Goods and Services Tax – One Country One Tex

 Goods and Services Tax
(One Country One Tex)

GST is a destination based tax on consumption of goods and services. It is proposed to be levied at all stages right from manufacture up to final consumption with credit of taxes paid at previous stages available as setoff. In a nutshell, only value addition will be taxed and burden of tax is to be borne by the final consumer. The concept of destination based tax on consumption implies has the tax would accrue to the taxing authority which has jurisdiction over the place of consumption which is also termed as place of supply.

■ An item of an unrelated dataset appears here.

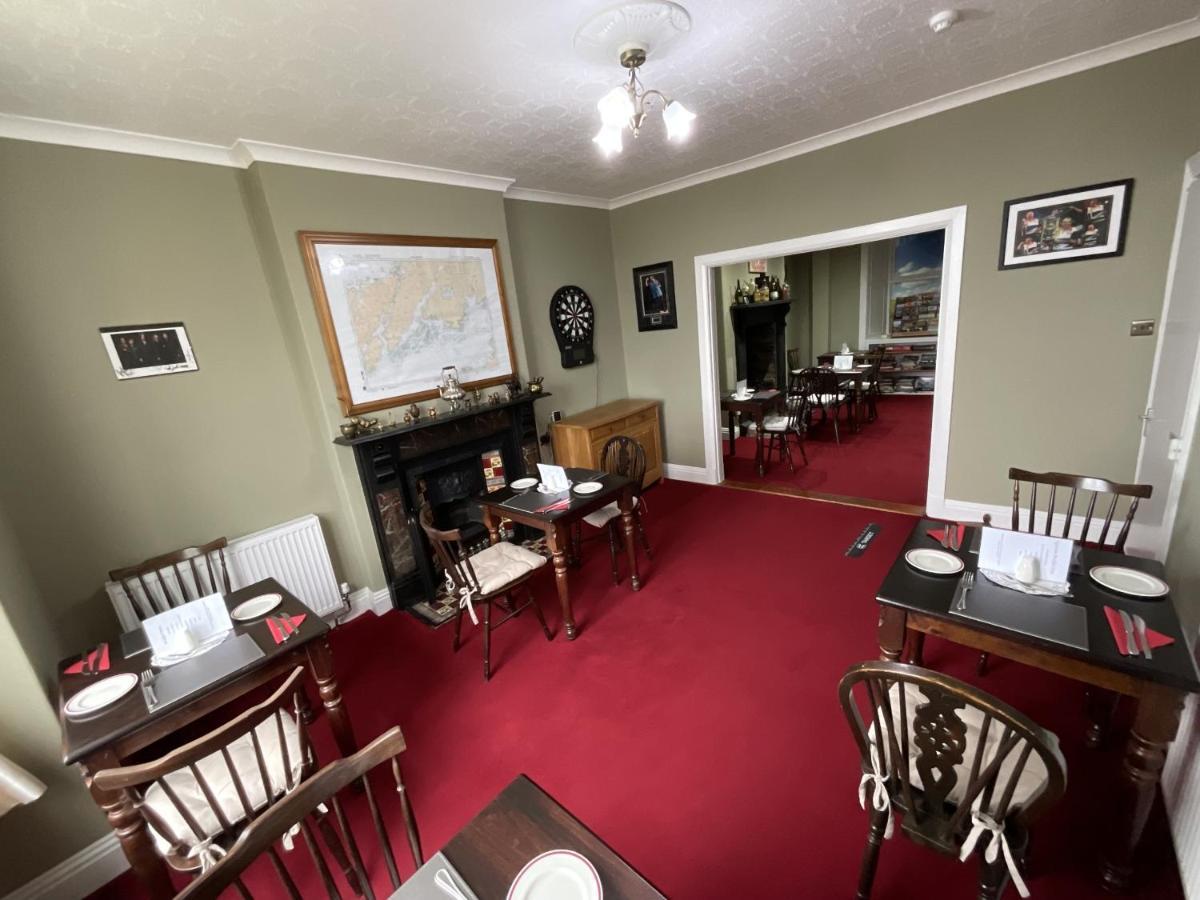 Pendrin Guest House Tintagel Kültér fotó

GST has a dual aspect with the Centre and States simultaneously levying on a common tax base. There are three main components of GST which are CGST, SGST, CGST means Central Goods and Services Tax. Taxes collected under CGST will constitute the revenues of the Central Government . The present central taxes like central excise duty, additional excise duty, special excise duty, central sales tax etc., will be subsumed under CGST. SGST means State Good and Services Tax. A collection of SGST is the revenue of the State Government. With GST all state taxes like VAT, entertainment tax, luxury tax, entry tax etc, will be merged with GST. For example, Ramesh a dealer in Punjab sell goods to Seema in Punjab worth rs 10,000. If the GST rate is 18%, i.e., 9% CGST and 9% SGST, rs 900 will go to Central Government and 900 will go to Punjab Government.

IGST means Integrated Goods and Services Tax. Revenue collected under IGST is divided between Central and State Government as per the rates specified by the Government. IGST is charged on transfer of goods and services from one state to another. Import of goods and services are also covered under IGST. For example, if the goods are transferred from Madhya Pradesh to Rajasthan then this transaction will attract IGST. Lets extend the above example to understand SGST. If Ramesh in Madhya Pradesh sell goods to Anand in Rajasthan worth rs 1,000,000. Applicable GST late is 18% i.e., 9% CGST and 9% SGST. In this case, the dealer will charge 18,000 as IGST and will go the Central Government.

Goods and Services Tax - One Country One Tex
Goods and Services Tax – One Country One Tex

Characteristics of Goods and Services Tax

1. GST is a common law and procedure throughout the country under single administration.

2. GST is a destination based tax and levied at a single point at the time of consumption of goods and services by the end consumer.

3. GST is a comprehensive levy and collection on both goods and services at the same rate with benefit of input tax credit or subtraction of value.

4. Minimum number of rates of tax does not exceed two.

5. There is no scope for levy of cess, resale tax, additional tax, turnover tax etc.

6. There is no multiple levy of tax on goods and services, such as sales tax, entry tax, octroi, entertainment tax or luxury tax etc.


1. Introduction of GST has resulted in the abolition of multiple types of taxes in goods and services.

2. GST widens the tax base and increased revenue to Centre and State thereby reducing administrative cost for the Government.

3. GST has reduced compliance cost and increases voluntary compliance.

4. GST has affected rates of tax to the maximum of two floor rates.

5. GST has removed the cascading effect on taxation.

6. GST will result in enhancing manufacturing and distribution system affecting the cost of production of goods and services and consequently the demand and production of goods and services will increase.

7. It will eventually promote economic efficiency and sustainable long term economic growth as GST is neutral to business processes, business models, organisational structure and geographical location.

8. GST would help to extend competitive edge in international market for goods and services produced in the country leading to increased exports.